Es scheint sich also nicht nur um ein Wort zu drehen: Das mysteriöse gerade, grade, grad oder Grad bezeichnet verschiedene Dinge, die nicht zwangsläufig etwas miteinander oder gar mit den eben schon erwähnten Buchstaben "e" zu tun haben. Wir haben es mit drei Substantiven und dazu noch einem Adjektiv zu tun. Fühlen wir dem doch gerade mal auf den Zahn!
Substantive: Ein Grad Celsius, zwei Grad Nord, ein akademischer Grad und die Gerade in der Mathematik
Ein Grad ist grundsätzlich eine messbare Stufe oder eine Abstufung. Dabei kann es sich um eine Abstufung der Temperatur (Celsius, Fahrenheit, Kelvin) oder ein Winkelmaß (der rechte Winkel hat 90 Grad) handeln. Bei Letzterem sprechen wir auch vom Bogengrad oder dem Gradmaß. Reden wir allerdings von der Viskosität, die im Ingenieurwesen manchmal eine Rolle spielt, geht es um die Engler-Grade. Ein Grad, zwei Grade: Das Substantiv gibt es im Singular wie im Plural. Und sogar die Dichte wurde früher in Grad angegeben. Man sprach dann von Grad Baumé, der Gradeinteilung der Aräometerskala. Benannt nach dem französischen Chemiker Antone Baumé, ist diese Skala heute allerdings nicht mehr üblich. In der Obstindustrie ging es ohnehin immer um Grad Brie, benannt nach dem preußischen Ingenieur Adolf Ferdinand Wendelaus Brig. Der entwickelte 1870 diese Maßeinheit, die bei der Bestimmung des Mostgewichts zur Weinherstellung wichtig ist.
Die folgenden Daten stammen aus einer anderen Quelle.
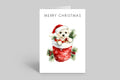 Christmas Card design HCT025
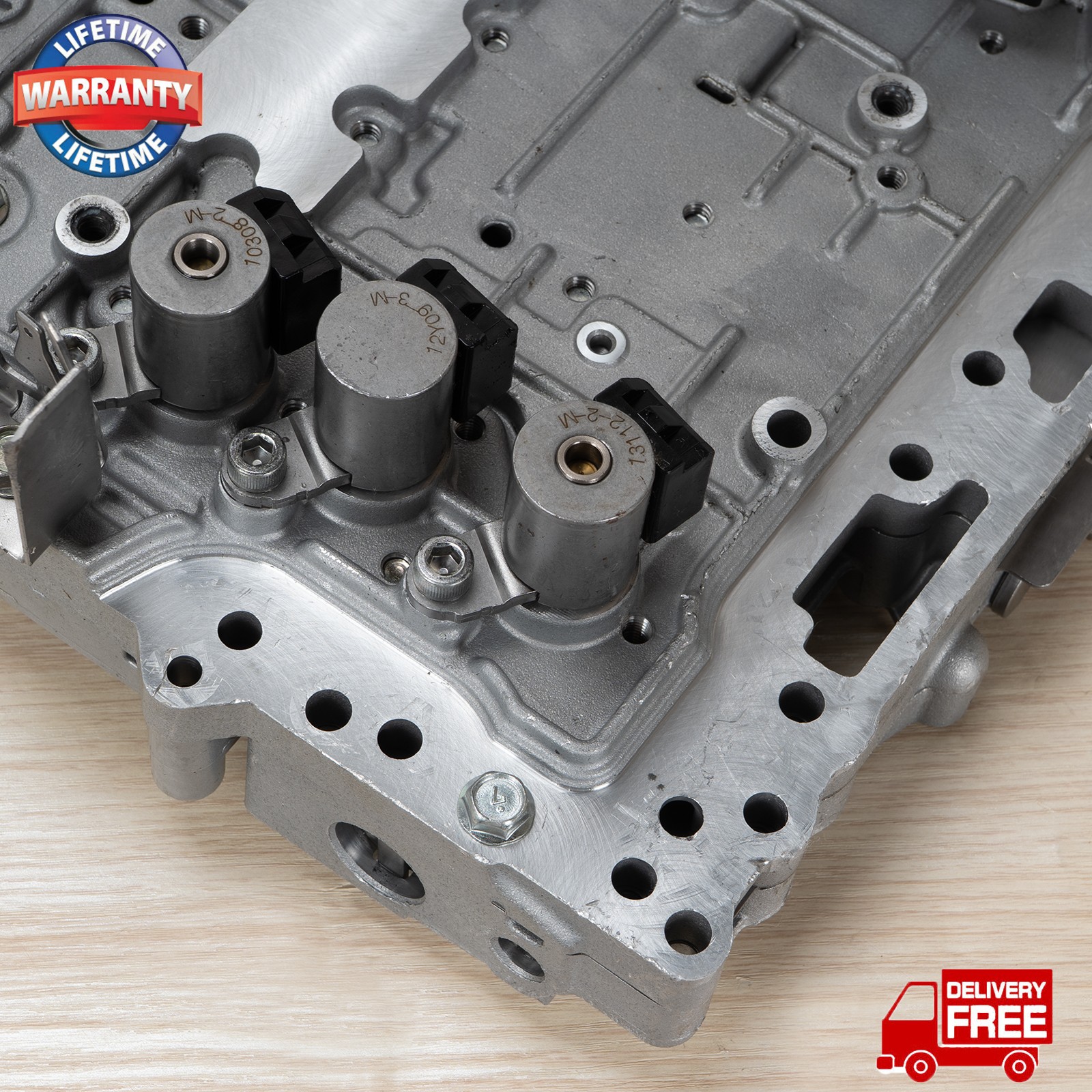 RE7R01A Valve Body w/ Solenoids For 2014 2015 Infinity Q50 Q60 3.7L 31705-X132B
Ein Grad kann jedoch auch ein Rang sein. Im Militärwesen ist der Dienstrang oder Dienstgrad am Rangabzeichen der Uniform oder der Kopfbedeckung ablesbar. Feuerwehr und Polizei kennen diese Dienstgrade genauso wie die deutsche Zollverwaltung und die Bundesforstverwaltung. Von akademischen Graden sprechen wir, wenn es um eine an einer Hochschule erreichte Abschlussbezeichnung geht. Wie genau es um die akademischen Grade bestellt ist (auch hier Singular Grad und Plural Grade) legt das Hochschulrahmengesetz fest. Der Diplomgrad war früher genauso geläufig wie der Magistergrad, im Rahmen der Bolognareform wurde der Bakkalaureusgrad zusammen mit dem Magistergrad üblich. Gängig sind allerdings die englischsprachigen Bezeichnungen Bachelor und Master. Nach dem Magistergrad kann die Auszeichnung als Meisterschüler an den Kunsthochschulen erworben werden, in anderen Studienfeldern steht der Doktortitel zur Verfügung.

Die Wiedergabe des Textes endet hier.